In our analysis of the various prompt structures used by participants, the chunk structure emerged as the one offering the highest level of control. This approach, as described by P9, allows for a multifaceted prompt construction, where different aspects such as subject, scene, colors, and style can be individually addressed: “Sometimes I’ll do multi-prompt where one part of the prompt will be like the subject and the next would be maybe the scene and then the next would maybe be the colors and maybe the style I wanted in.”
The distinct advantage of the chunk structure lies in its ability to provide hard stop using double colons (::) and individual weighting to each segment of the prompt mentioned by P6 and P10. These weights, assigned to each chunk, act as dials that control the AI model’s attention and interpretation. Positive weights increase the emphasis placed on a particular section, while negative weights decrease it. As P6 explained, “a double colon works as a hard stop and [...] that allows me to weigh every single phrase individually.” P4 elaborates on this, noting that each chunk acts as “the next layer of information,” thereby allowing for more precise direction and nuanced control over the AI’s interpretation process.
For example, in a prompt like "a beautiful anime cat:: with glasses::5 it has long dark brown hair::-2", "a beautiful anime cat" is treated with the default weight, meaning it has a neutral influence on the final outcome. However, the prompt instructs Midjourney to prioritize adding glasses, indicated by the positive weight of 5. Conversely, the inclusion of "long dark brown hair" becomes less likely due to the negative weight of -2. This demonstrates how strategic weighting allows for precise control over the AI model’s focus and ultimately influences the final artistic outcome.
4.1.5 Word Sequences.
The most granular strategy used by our participants was word sequencing which is a list of comma-separated terms without specific structural format (e.g., "futuristic clothing, rainy, foggy, cyberpunk, Neo, Tokyo.”) This structure was adopted by P3 who was unsure about how to structure prompts effectively stating, "I’m not sure of the structure of the prompts, how to do them properly. I just throw everything in." (P3) However, even within this seemingly simple structure, there remains a level of uncertainty about how much detail is required. For example, P8 after seeing extensive keyword lists in others’ prompts, skeptically noted, "some people will post up in their prompts, 1000 different renderers, like here we go [showing a long prompt], like does any of this really matter?” In contrast, P15 deliberately chose this approach based on their observation of the Midjourney’s responses to more structured sentences: “Sometimes I realize even putting full sentences can mess up the AI. So, it [my prompt] is marionette, puppet, puppeteer, realistic, detailed."

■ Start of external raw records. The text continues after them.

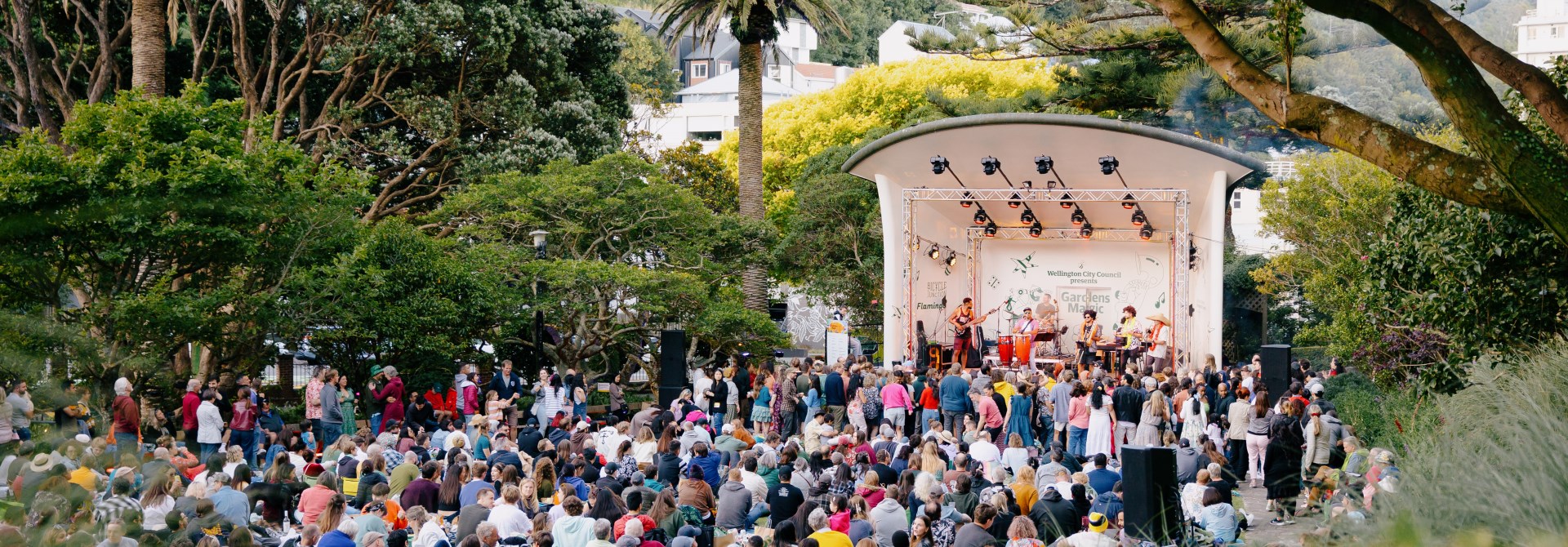 Crowd of people gathered infront of a stage watching Gardens Magic.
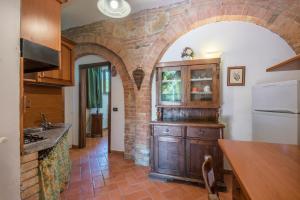 uma cozinha com uma parede de tijolos e um arco em Appartamento Aleatico em Montepulciano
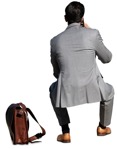 Businessman with a smartphone sitting cut out pictures (14871) - miniature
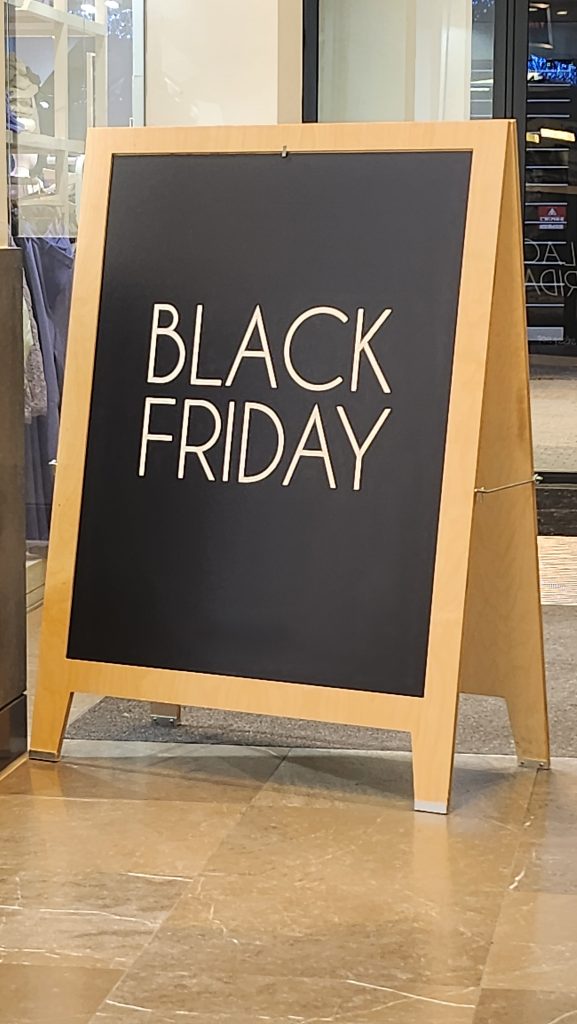 A black board in the street during Black Friday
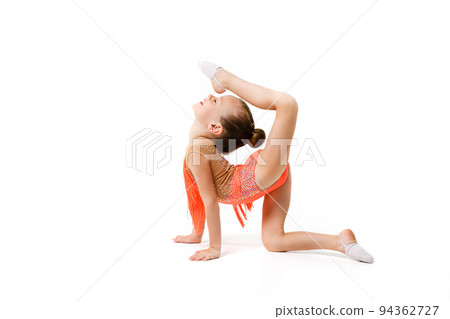 Flexible little gymnast stretching body in studio Flexible little gymnast stretching body in studio 94362727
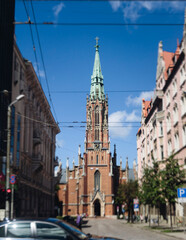 Fototapeta premium Riga Old Town view, Latvia, streets of Vecriga historical center with Town Hall square, House Of The Black Heads, Cathedral and church, travel to Latvia and Baltic States, summer day with a blue sky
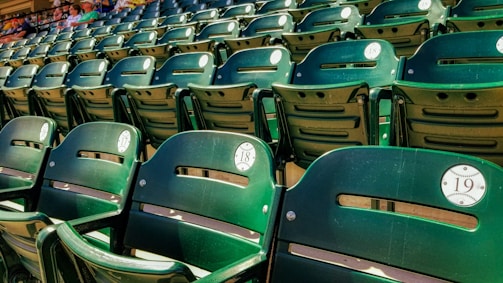 A close-up view of several rows of green stadium seats, each labeled with sequential numbers. The seats are empty, and in the background, a few people can be seen sitting further back.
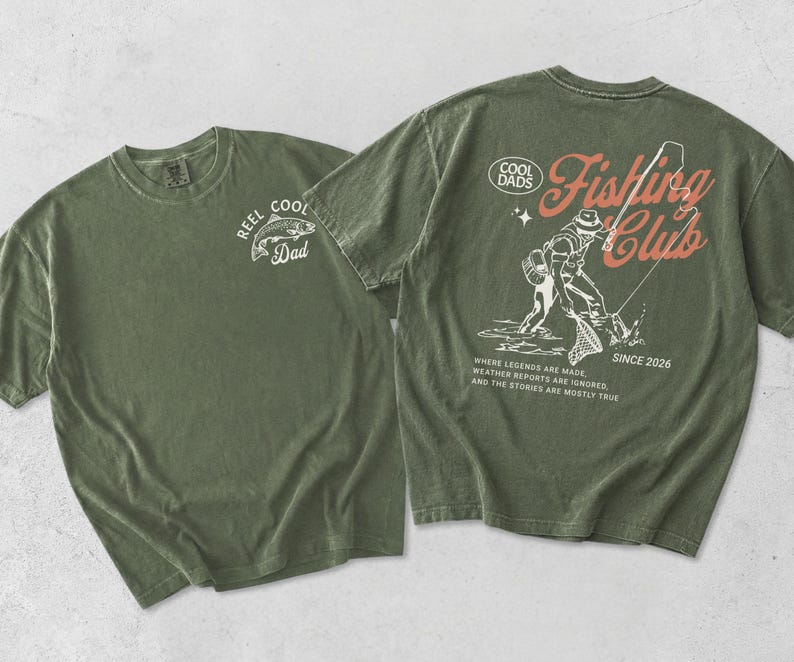 May include: Two olive green t-shirts. One has a white fish graphic and the text "REEL COOL Dad". The other features a fishing scene graphic with the text "COOL DADS Fishing Club SINCE 2026".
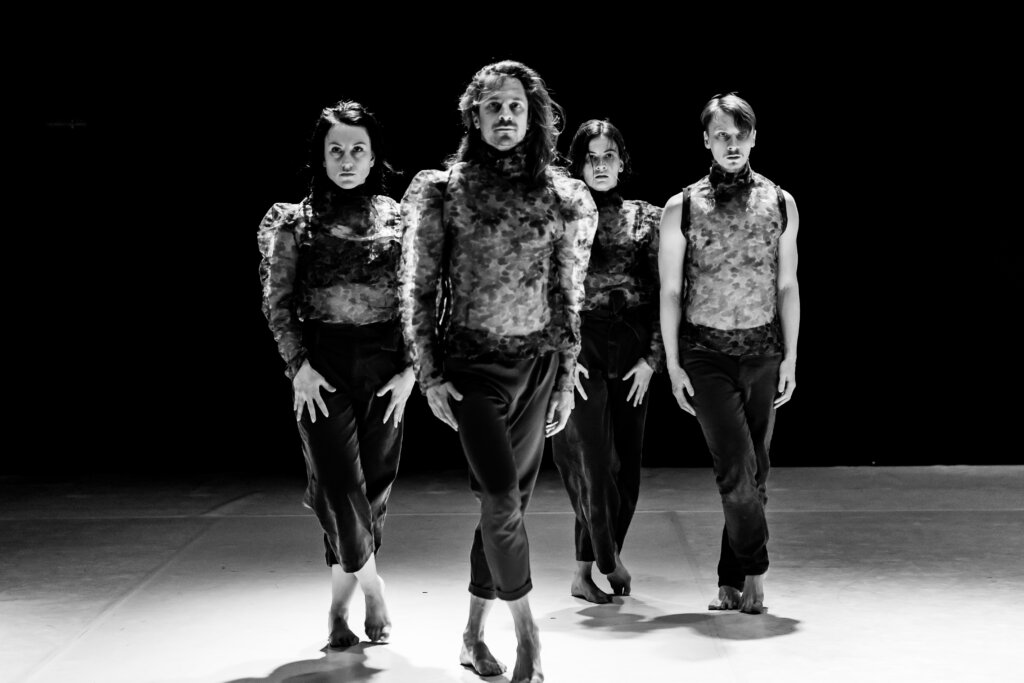 Czarnobiałe zdjęcie na którym znajduje się czterech tancerzy- dwie kobiety i dwóch męzczyz. Wszyscy ubrani są w spodnie oraz zwiewne bluzki.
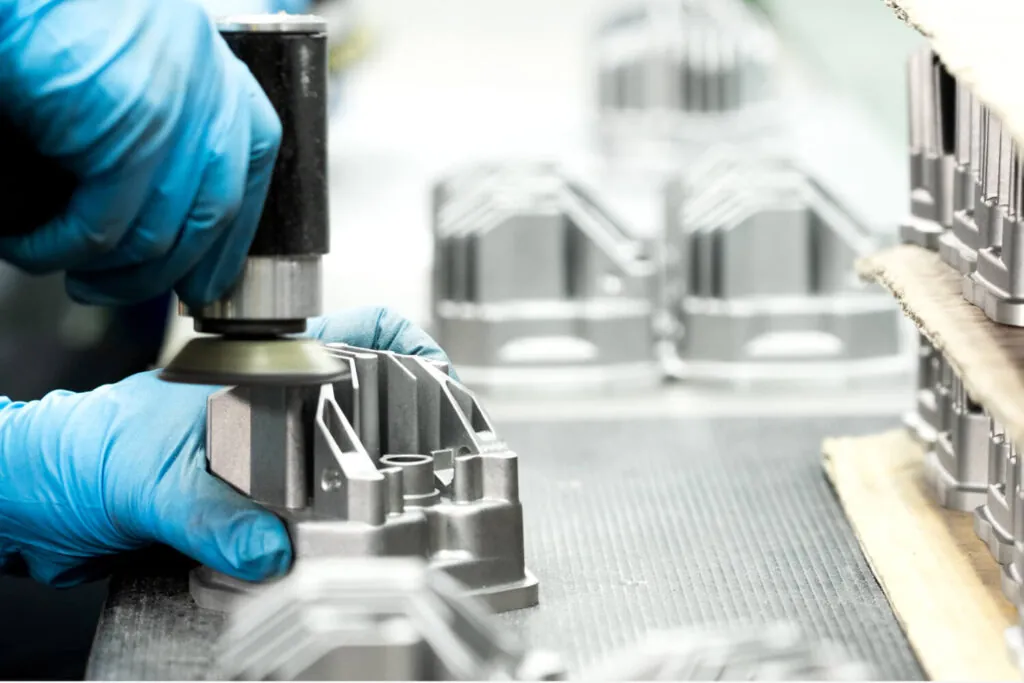 JoinCast technician performing manual polishing and surface preparation on aluminum die cast lighting components to ensure flawless finish quality.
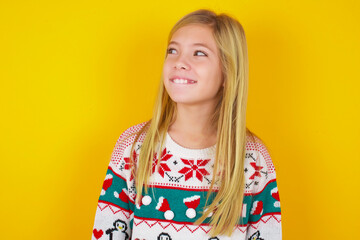 Amazed caucasian little kid girl wearing knitted sweater christmas over yellow background bitting...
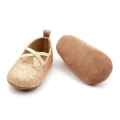 Фабрика OEM лък плосък естествена кожа бебешки обувки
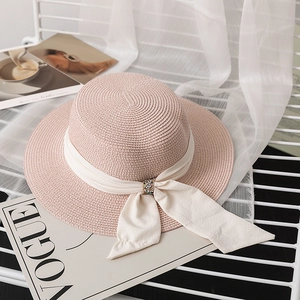 Detailed shot of pink straw hat with white ribbon and sparkling rhinestone buckle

The choice of Word Sequences structure was also informed by some (n=3) participants’ specific goals. This is particularly evident in composite image creation, where the focus is on targeting specific content elements, reducing the need to define relationships between them. P1 described their process stating, “usually I put different keywords [...] and it’s not perfect, but I go into Photoshop and I clean it up.” Referring to an example composite image they created, P1 explained selectively piecing together elements stating "this head with this picture" from separate images into a new composition, as opposed to constructing the full scene solely via prompting.
Moreover, this structure facilitated collaborative prompting, also known as ’prompt jamming’ (P6), where multiple users contribute to building the prompt. P6 shared an instance where a “series of words was put together by a collective of people.” This ease of contribution, requiring no understanding of complex structures, allowed users to build on existing ideas and prompts, as P9 described “people were just adding words, somebody started with all these 70-millimeter shutter speeds and, we just started adding words to it.”
4.2 Users’ Prompt Journey: Image Evaluation
Evaluating AI-generated images emerged as a standard practice among our participants, though we found minimal background influence on this process. Only four (P10, P12. P14, P17) out of the study’s 19 participants offered prior background influencing their image evaluation. For example, P10 mentioned, "being an artist myself, I know when something doesn’t look composed right or if it looks off or imbalanced," emphasizing the influence of artistic training on composition and balance. Similarly, P12’s background in photography led them to pay specific attention to depth of field, stating, "sometimes I’m going for a shallow depth of field, but most of the time I’m not."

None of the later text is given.